◆ **EXERCISE DESCRIPTION**
Going through the material below, output exactly the lines from the one containing "Used 2023 Mercedes-Benz" through the one containing "Gotcha 32x30 Gotcha", and no pictures.

Start of RECORD EXTRACTS

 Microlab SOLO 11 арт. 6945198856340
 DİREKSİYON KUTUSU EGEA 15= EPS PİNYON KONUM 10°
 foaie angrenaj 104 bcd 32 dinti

End of RECORD EXTRACTS
Start of RECORD EXTRACTS

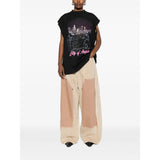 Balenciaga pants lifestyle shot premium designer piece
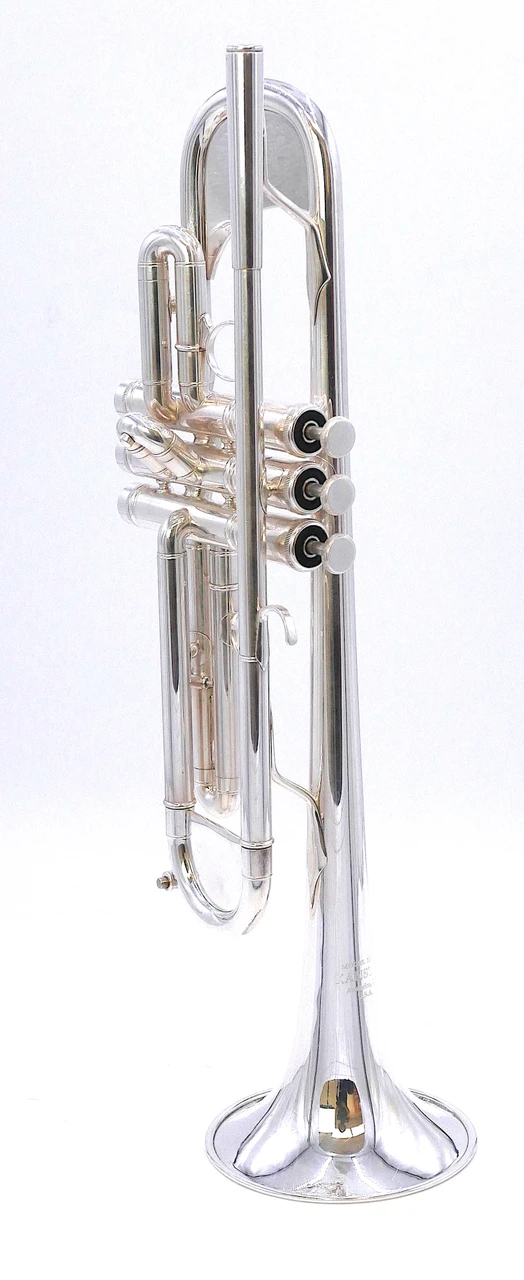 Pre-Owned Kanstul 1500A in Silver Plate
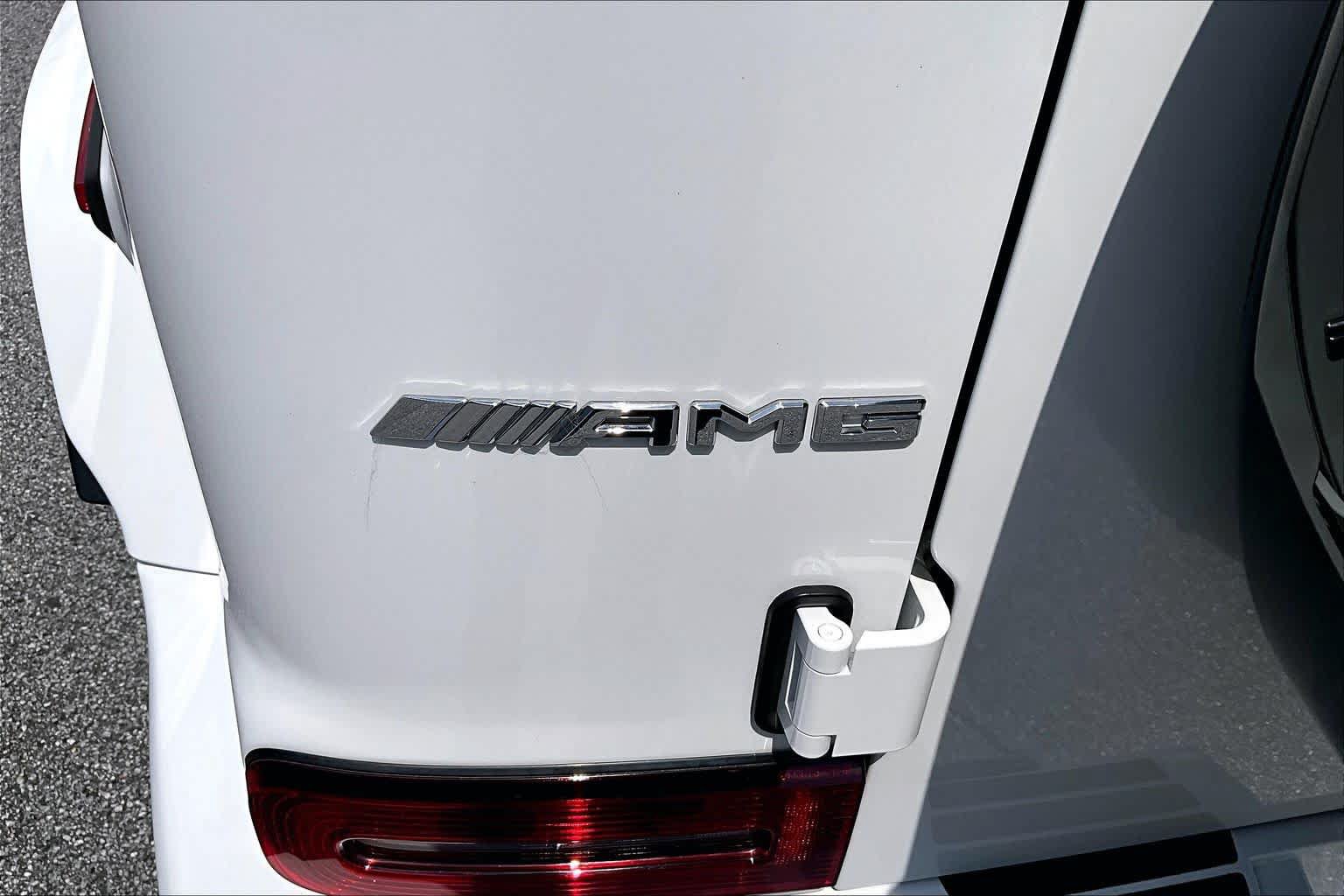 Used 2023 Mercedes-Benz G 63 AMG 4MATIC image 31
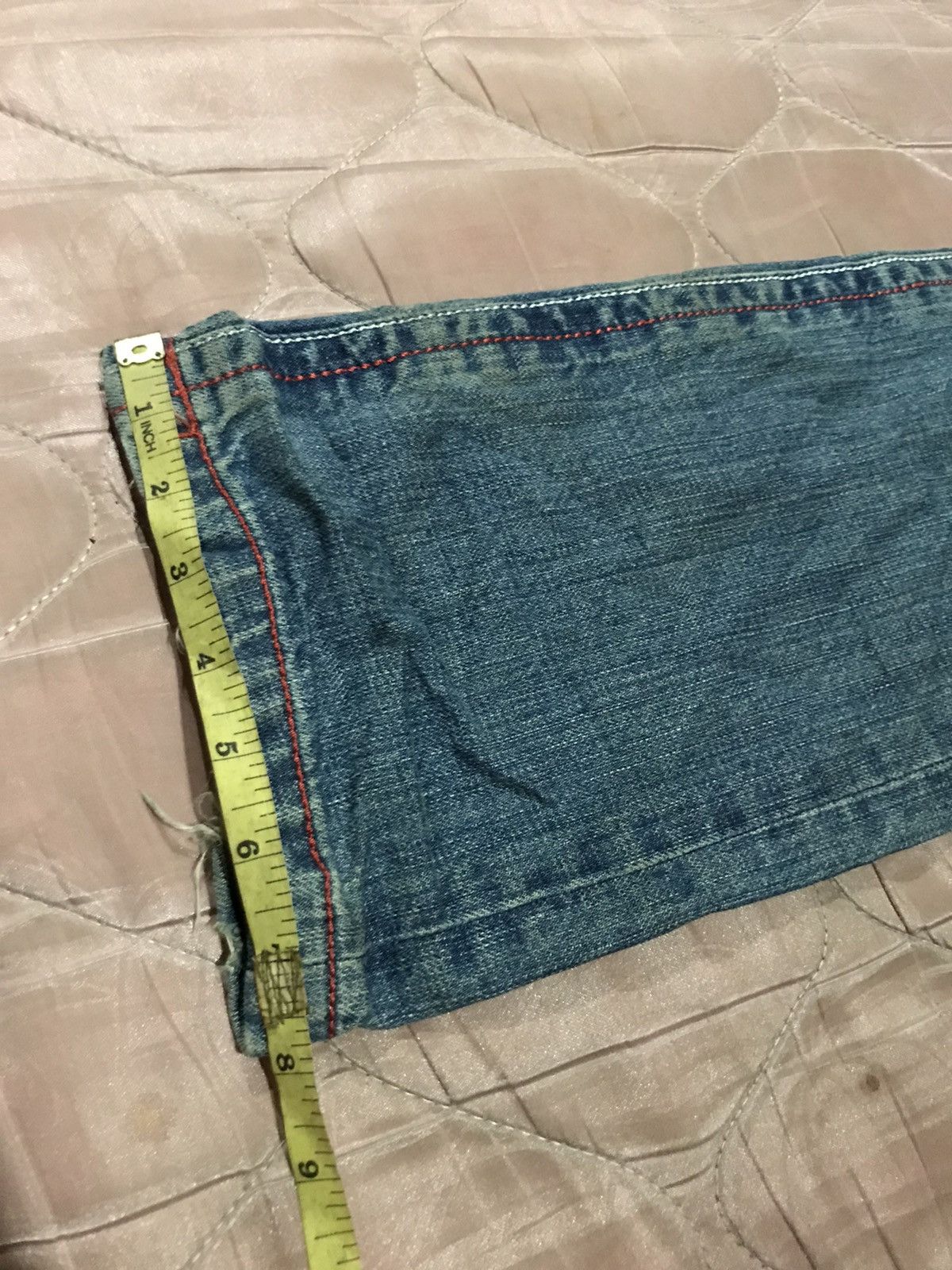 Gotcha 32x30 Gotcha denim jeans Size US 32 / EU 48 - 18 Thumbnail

End of RECORD EXTRACTS
Start of RECORD EXTRACTS

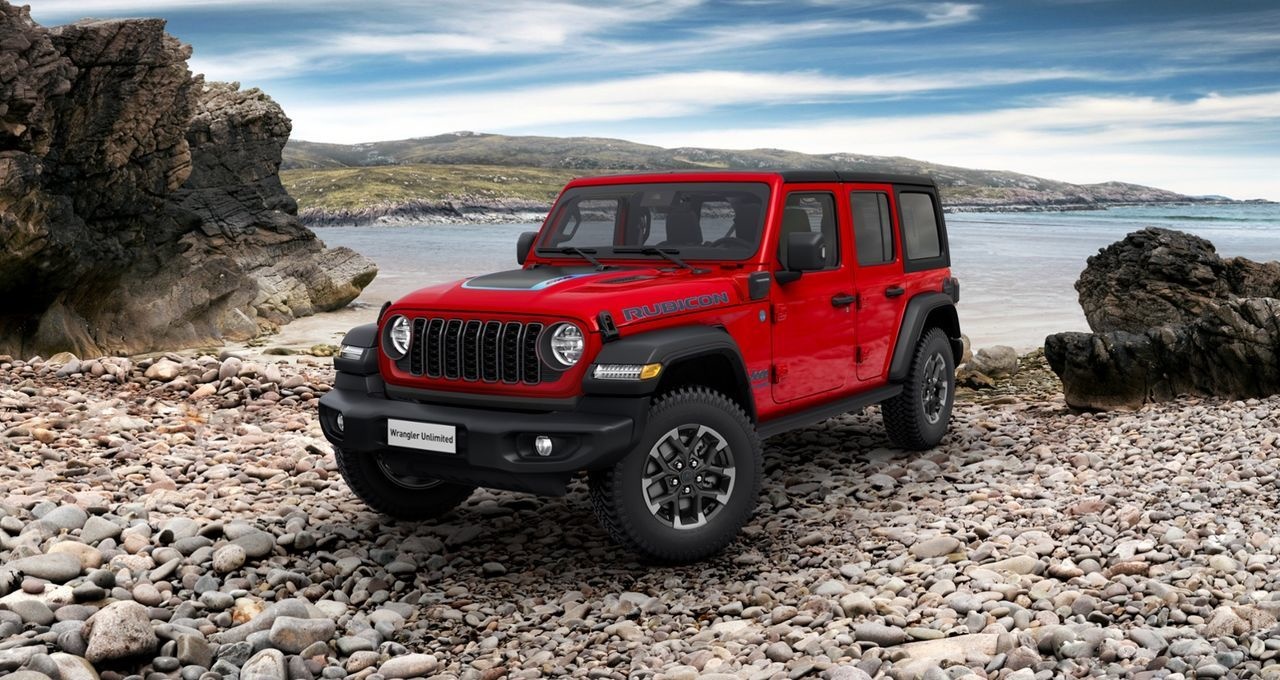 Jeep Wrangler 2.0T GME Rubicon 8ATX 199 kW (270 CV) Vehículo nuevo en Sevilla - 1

End of RECORD EXTRACTS

◆ **RESPONSE BELOW**
 Used 2023 Mercedes-Benz G 63 AMG 4MATIC image 31
 Gotcha 32x30 Gotcha denim jeans Size US 32 / EU 48 - 18 Thumbnail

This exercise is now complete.